Let AE and CD intersect at F. Following are the angles we get.
ACD.. =.. 48,......... ADC.. =.. 48,.......... ECD.. =.. 30,.......... EAC.. =.. 63,.......... EAD.. =... 21,..... AEC.. =.. 39 .......
EFC.. =.. DFA.. =.. 111, .......... DFE.. =.. AFC.. =.. 69,.......... CDE.. =.. X ........... DEA.. =.. Y.. =.. 111.. -.. X
Let AC = AD = a, since isosceles triangle CAD has two 48 angles.
Applying sin rule to the following triangles,
ACE :- EC/sin63 = a/sin39
CED :- EC/sinX = ED/sin30 ...............> sinX/EC = sin30/ED
AED :- a/sinY = ED/sin21...............................................................................................................................

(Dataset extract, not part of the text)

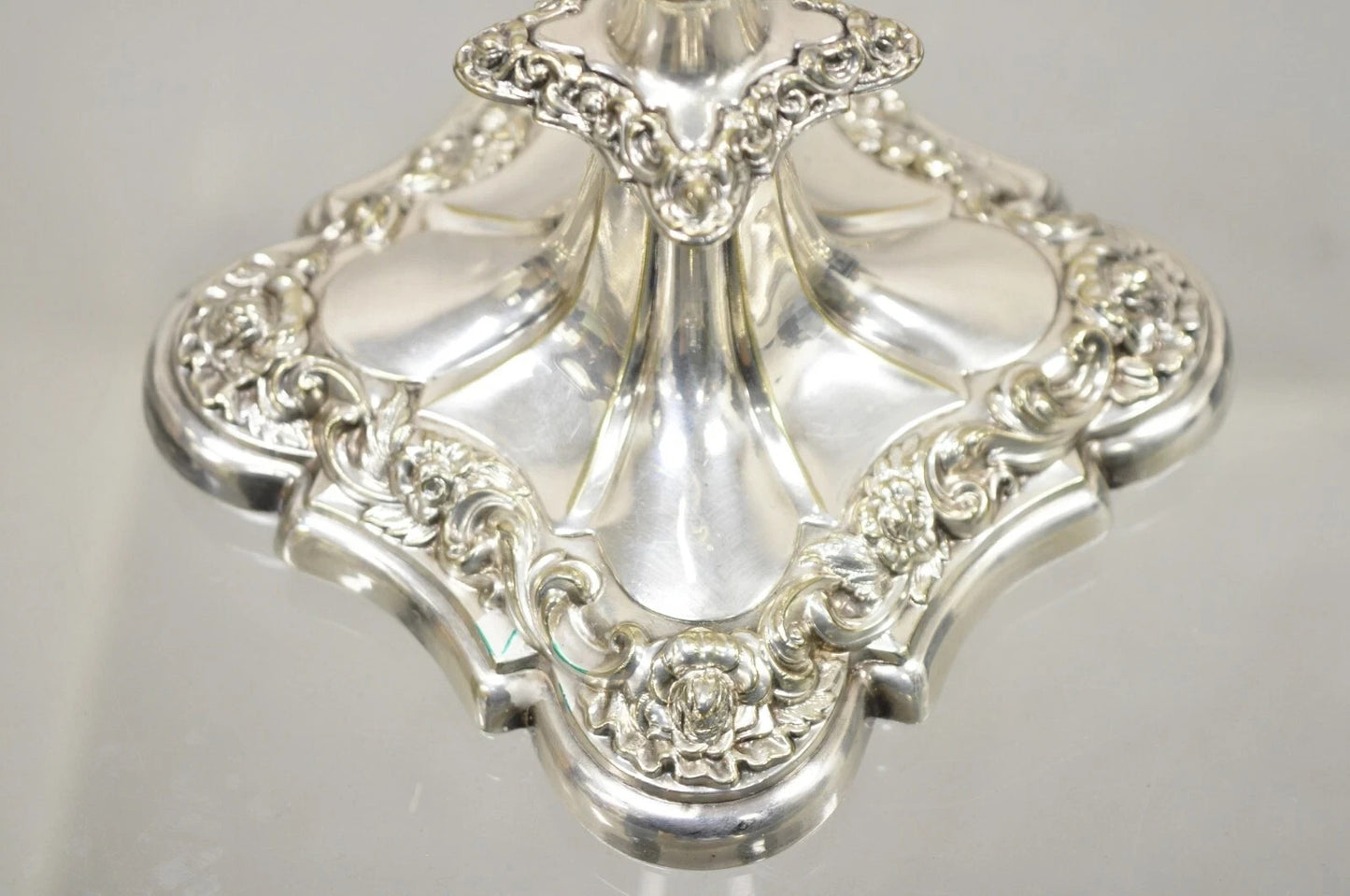 Antique Gorham Floral Repousse Twin Arm Silver Plated Candlestick Candelabra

( a/sinY ) ( sinX/EC ) ( EC/sin63 ) = ( a/sin39 ) ( sin30/ED) ( ED/sin21)
sinX/{ sin( 111 - X ) } = ( sin63/ sin39 ) * ( sin30/ sin21) .........................................................................

EXPANDING sin( 111 - X ) AND SIMPLIFYING WE GET X = 81.
Sorry I am not able to copy the sketch I have with me.